Queen Elizabeth II greeting Northern Ireland's Deputy First Minister Martin McGuinness (left) during a Northern Ireland-themed reception at Windsor Castle, during the first State visit to the UK by an Irish President.

Queen Elizabeth II greeting Northern Ireland's Deputy First Minister Martin McGuinness (left) during a Northern Ireland-themed reception at Windsor Castle, during the first State visit to the UK by an Irish President.

 

Deputy First Minister Martin McGuinness should not attend republican Easter graveside commemorations, former IRA blanketman Anthony McIntyre has claimed.

Mr McIntyre, a former life prisoner and chief researcher in the Boston College project, said: “I just don’t see what place a British micro-minister has at the graves of dead republicans.”

Backing earlier calls by Republican Sinn Fein for mainstream republicans to stay away from Easter graveside commemorations, after Mr McGuinness accepted an invitation to attend a state banquet last week in Windsor Castle and toasted the Queen, Mr McIntyre added: “I would endorse the sentiment of RSF.

“Mr McGuinness is calling for people who carry on the tradition of those in the graves to be jailed as he stands beside the leader of British unionism and the leader of the British police.

“That doesn’t mean that any armed campaign is right. I think it is wrong as I said before.”
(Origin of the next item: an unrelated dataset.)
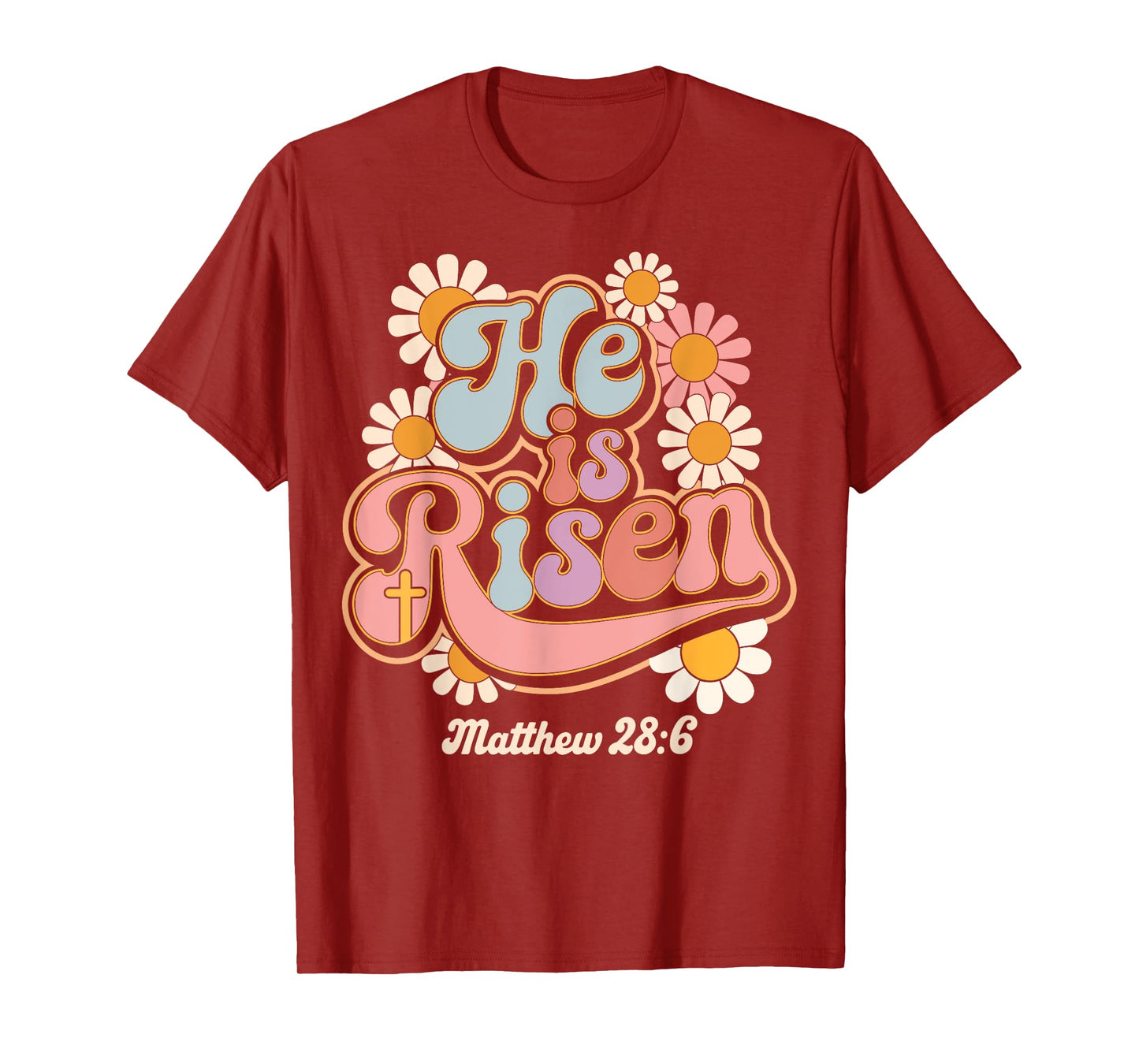 He is risen groovy retro style for christian easter T-Shirt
Former IRA man Tommy Gorman said he had “no interest” in calls by Republican Sinn Fein for mainstream republicans not to attend Easter commemorations.

“I am not interested in this biting from the trenches,” he said.
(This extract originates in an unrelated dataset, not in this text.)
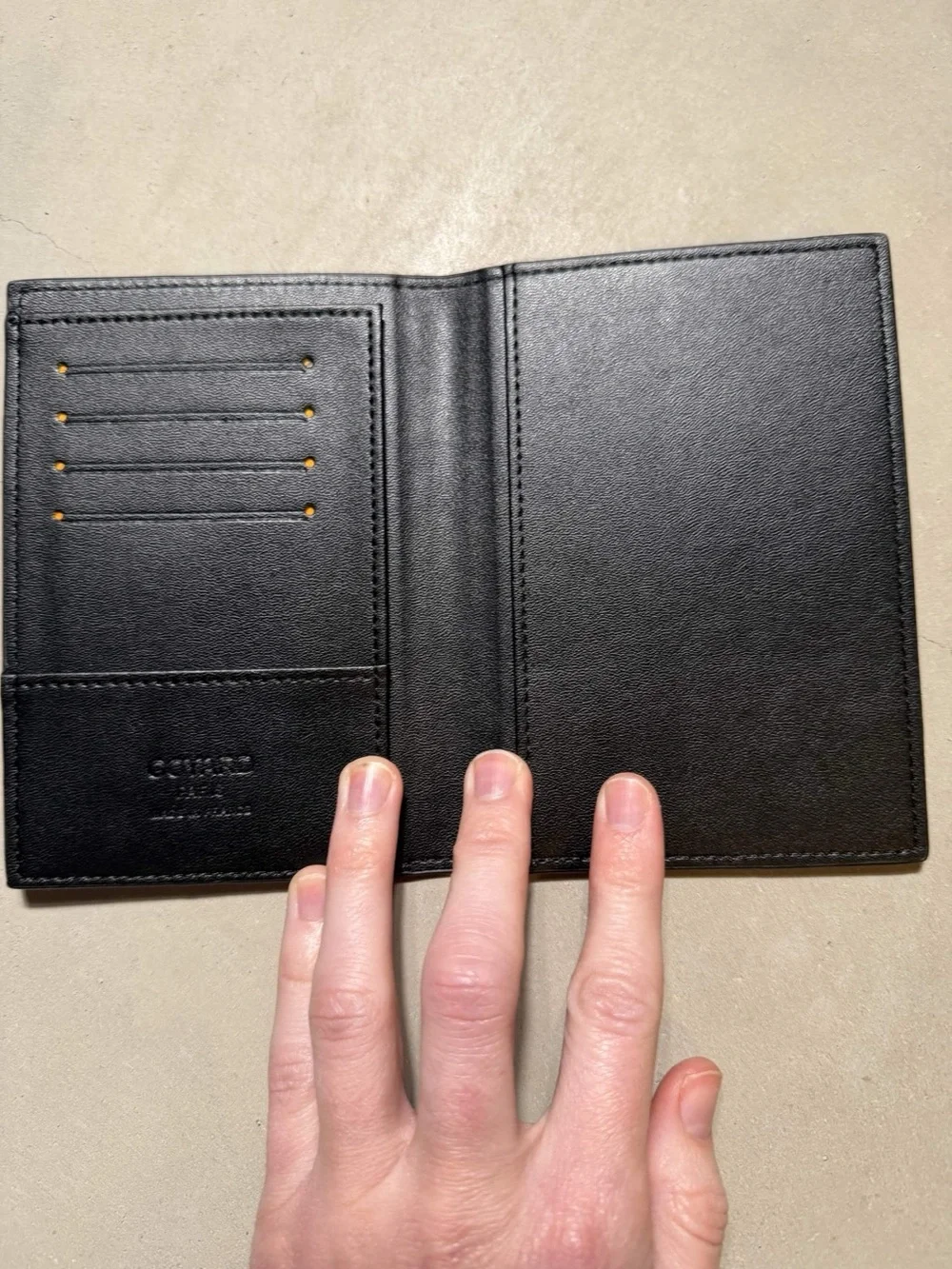 Goyard Black Goyardine Cardholder Passport Holder Wallet OS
“What one says I would take with a pinch of salt and what the other one says I would take with a pinch of salt.

“If McGuinness was a republican it would be different. But this man is not a republican.”
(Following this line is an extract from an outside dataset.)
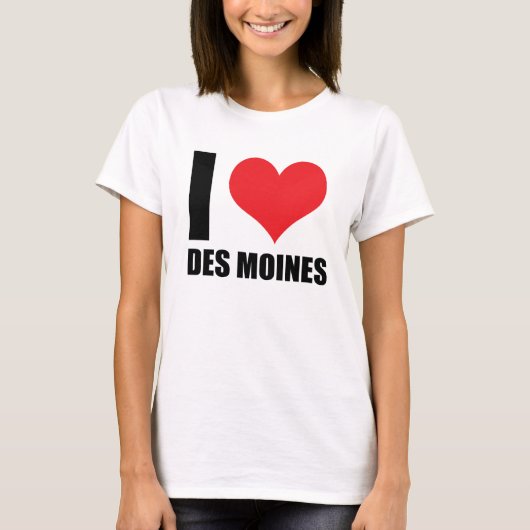 T-shirt J'aime Des Moines (Devant)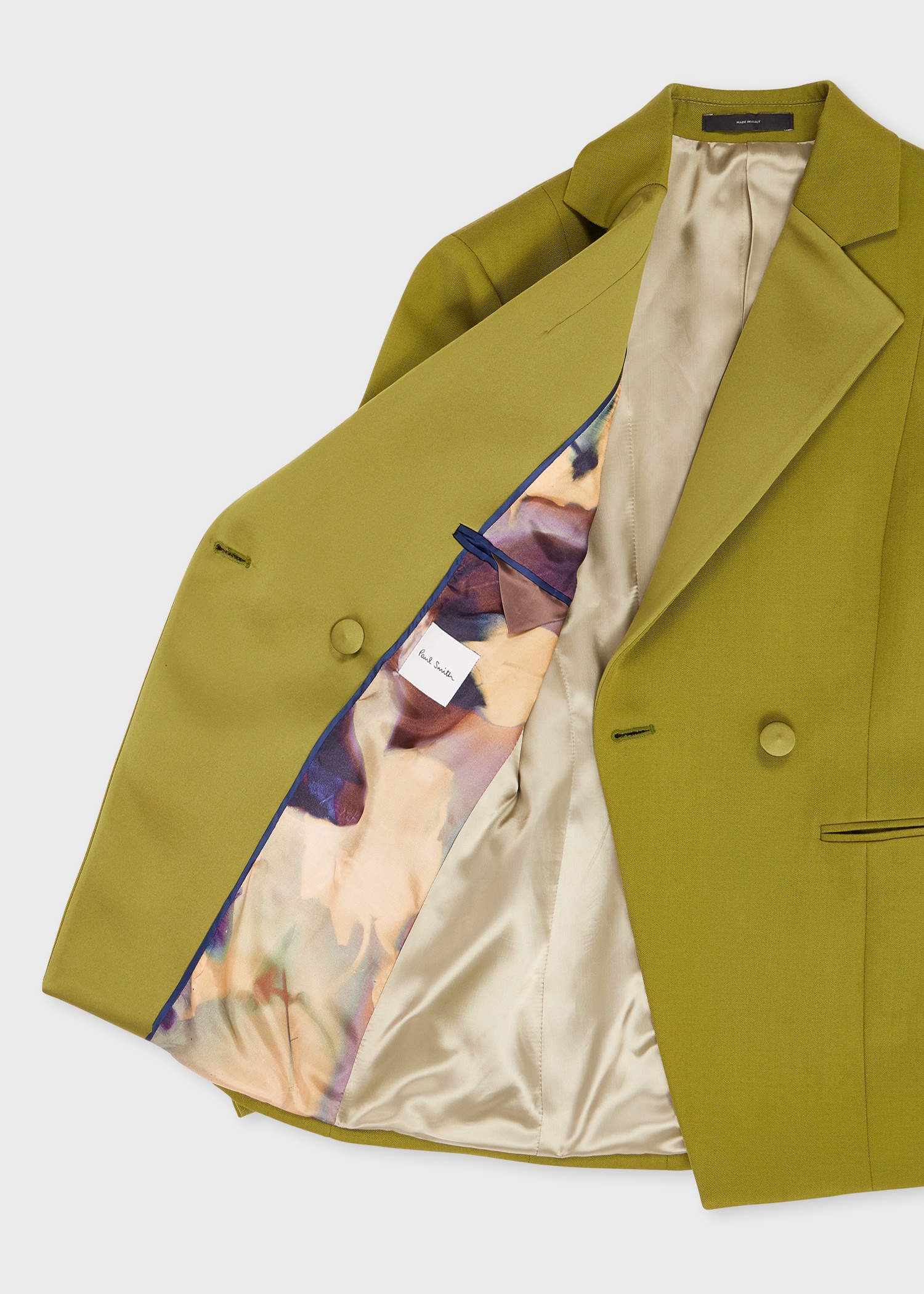 Women's Olive Green Wool Gabardine Double-Breasted Blazer - 4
A statement from the hardline republican grouping – and signed by Republican Sinn Fein Newry and south Armagh – which was published in a weekly newspaper, said it was directed towards “the Provos and their leader Martin McGuinness”.

It read: “Stay away from the graves of our departed Irish republican volunteers. Your presence and that of your ‘dressed-up’ Brit-loving leader is a contamination of the sacred places where the hunger strikers and other patriots rest.”

Republican Sinn Fein was formed in 1986 after a split in Sinn Fein, with some members protesting at the decision to allow members to take their seats in Dail Eireann.

Republican Sinn Fein refuses to reject the use of political violence and has been linked to the Continuity Irish Republican Army and Oglaigh na hEireann (ONH).